September 5, 2005 by Sara

Remember “Office Space,” Mike Judge’s hilarious comedy about a bunch of nerdy office workers? If so, then you’ll surely remember Michael Bolton, the scrawny white guy who imagined he was a hardcore gangsta all the time, but was as meek as a church mouse in reality? Apparently, his doppelganger is alive and well at Ubisoft, as their latest release — 187: Ride or Die, shows just that kind of “I want to be gangsta but am really a lame suburban poseur” mentality. This game is bad, and is nowhere near the quality we’ve come to expect (and enjoy) from Ubisoft. Frankly, it’s barely $20 worth of game, much less the $49 they are asking for it. 187: Ride or Die is a Grade A stinker, and should hang like an albatross from the necks of the executives who green-lighted this sorry attempt at “urban sensibility.”
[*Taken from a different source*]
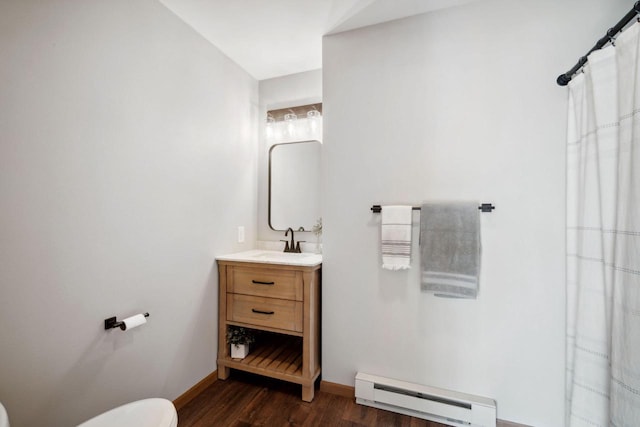 full bathroom with vanity, wood finished floors, baseboards, toilet, and baseboard heating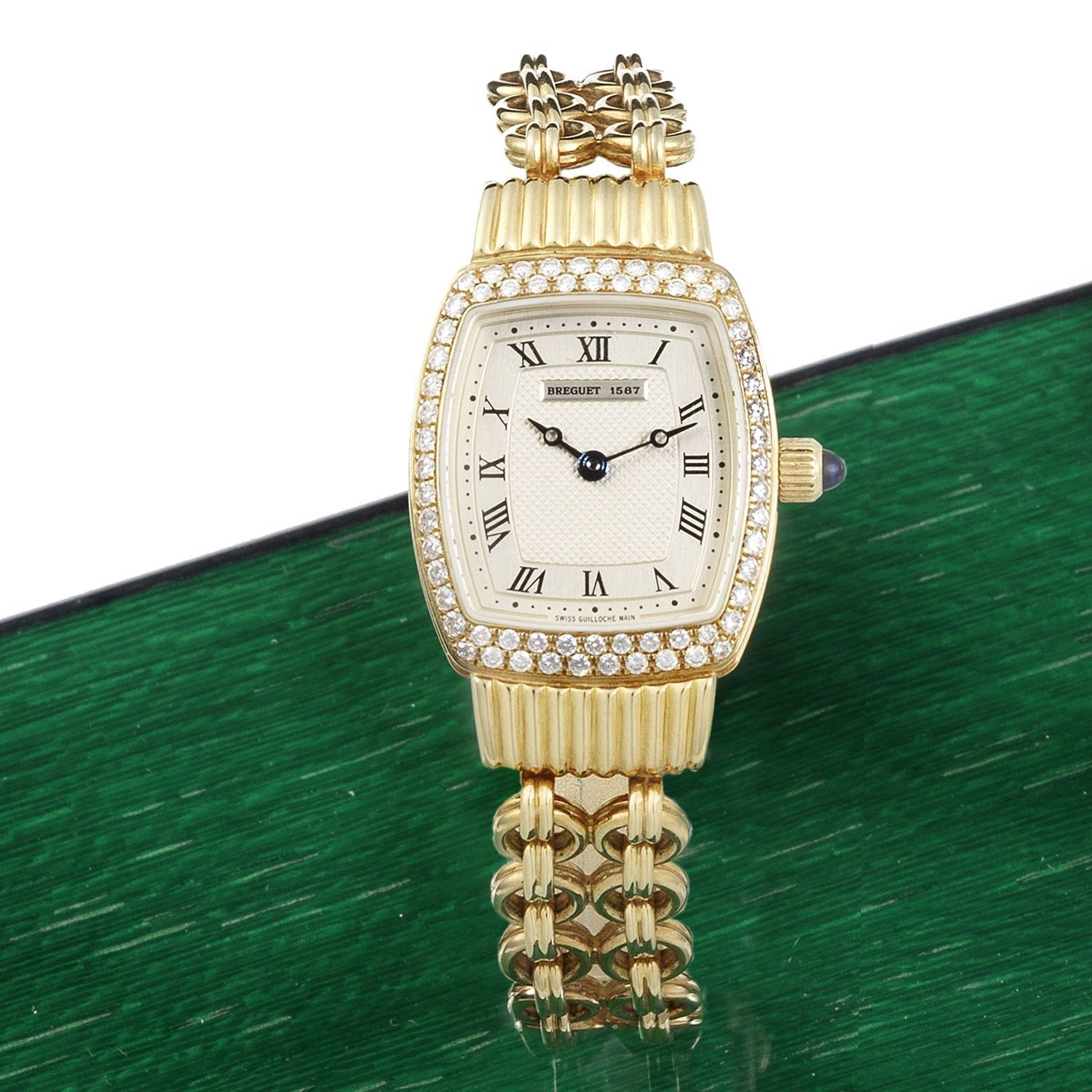 Breguet. A lady's 18K gold and diamond set manual wind bracelet watch Ref:1587 G, Sold 24th June 1996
187: Ride or Die’s gameplay, if you can call it that, consists of driving around and shooting other drivers. That’s it. Ok, there are power-ups (machine guns, heavy guns, ammo, etc.) to pick up on the track, and you can unlock better cars, but really, it’s simplistic to the point of being insulting. For those that thought Need for Speed: Underground was a simplified racer, just wait until you try this game. Anyone can keep the car on the track and earn points for kills and tricky moves. It takes no skill.
Graphically, it’s a fair looking game, akin to something we saw when the Xbox first shipped. It barely (if at all) pushes the hardware (or my HD-TV) in any way, looking marginally better than Crazy Taxi 2 did on the Dreamcast. The provided screenshots look a heck of a lot better than the real game does. The cutscenes are really the only graphical high points.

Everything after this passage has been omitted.